## Assigned task:
The pictures stay out; all of the data is to be printed exactly.

## The data:
────────────────────────────────────────

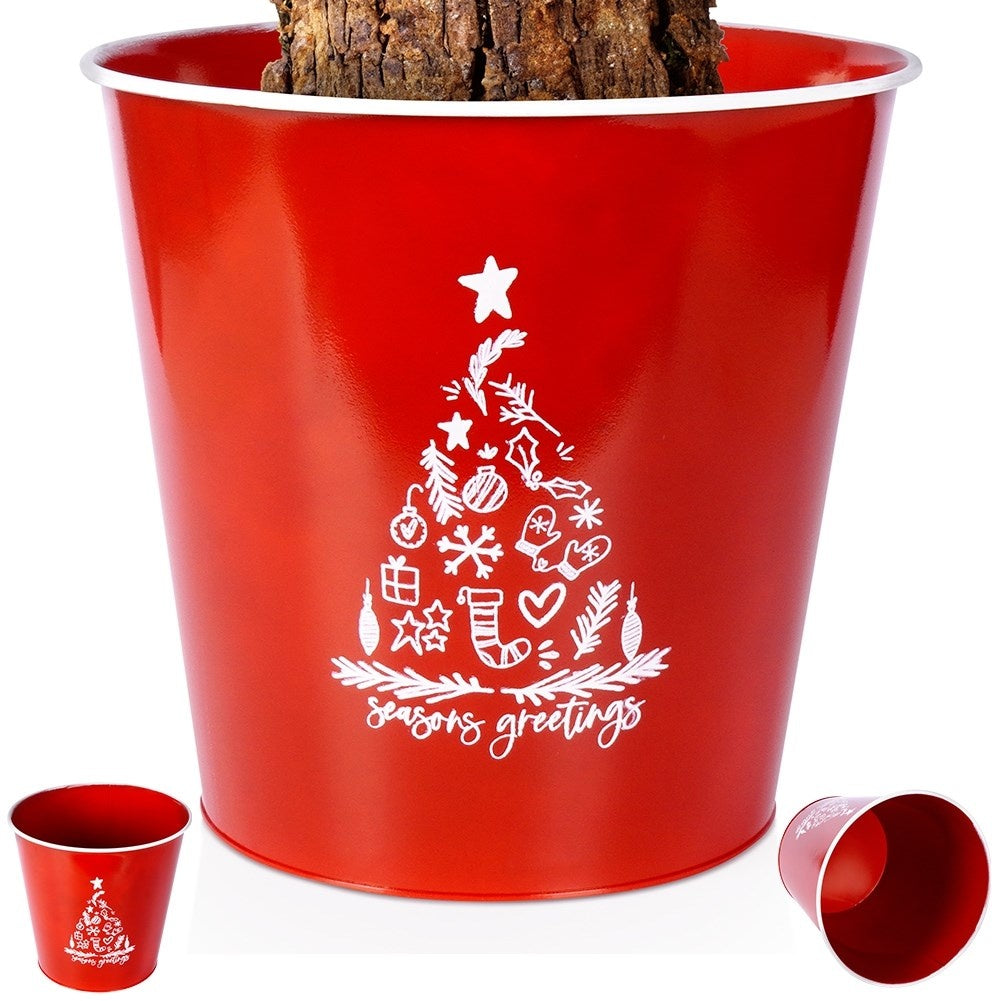 Christmas pot in red metal with white Christmas tree decoration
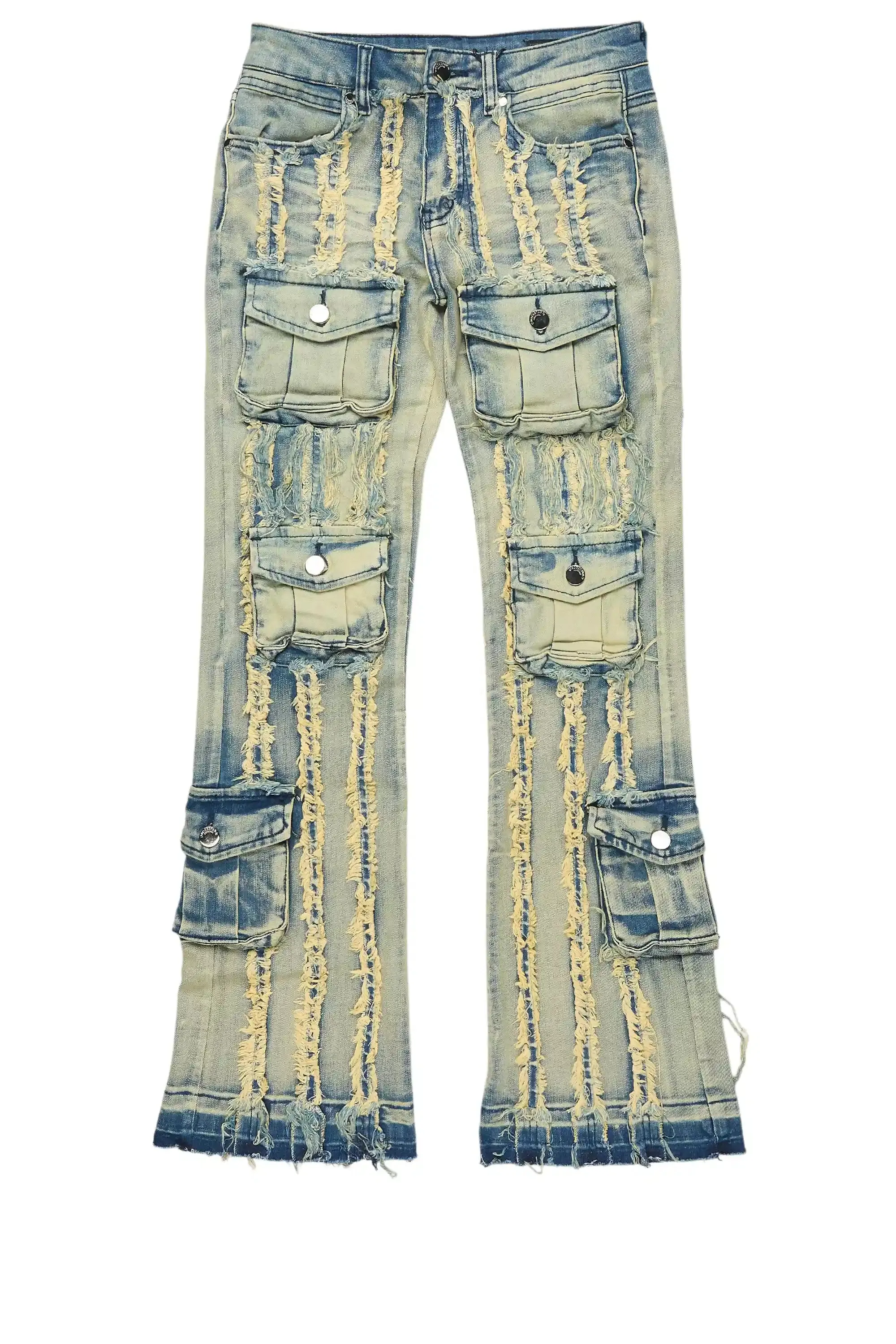 Boys Frey Blue Stacked Flare Jean sold by Rockstar Original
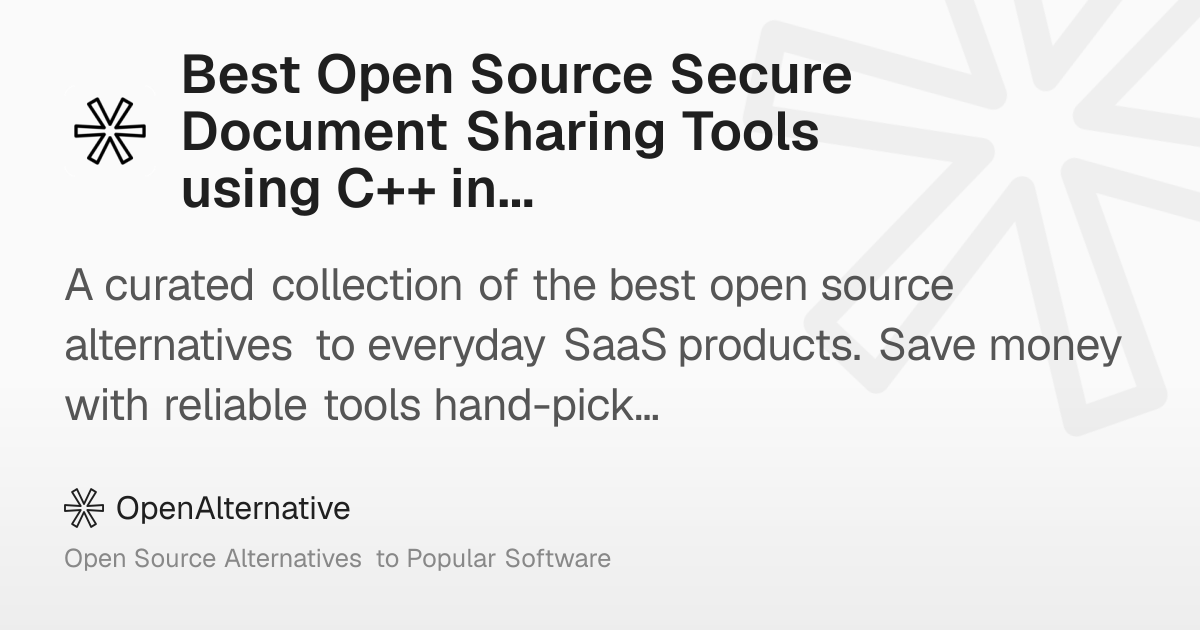 Best Open Source Secure Document Sharing Tools using C++ in 2026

────────────────────────────────────────

## Output for this exercise:
 Christmas pot in red metal with white Christmas tree decoration
 Boys Frey Blue Stacked Flare Jean sold by Rockstar Original
 Best Open Source Secure Document Sharing Tools using C++ in 2026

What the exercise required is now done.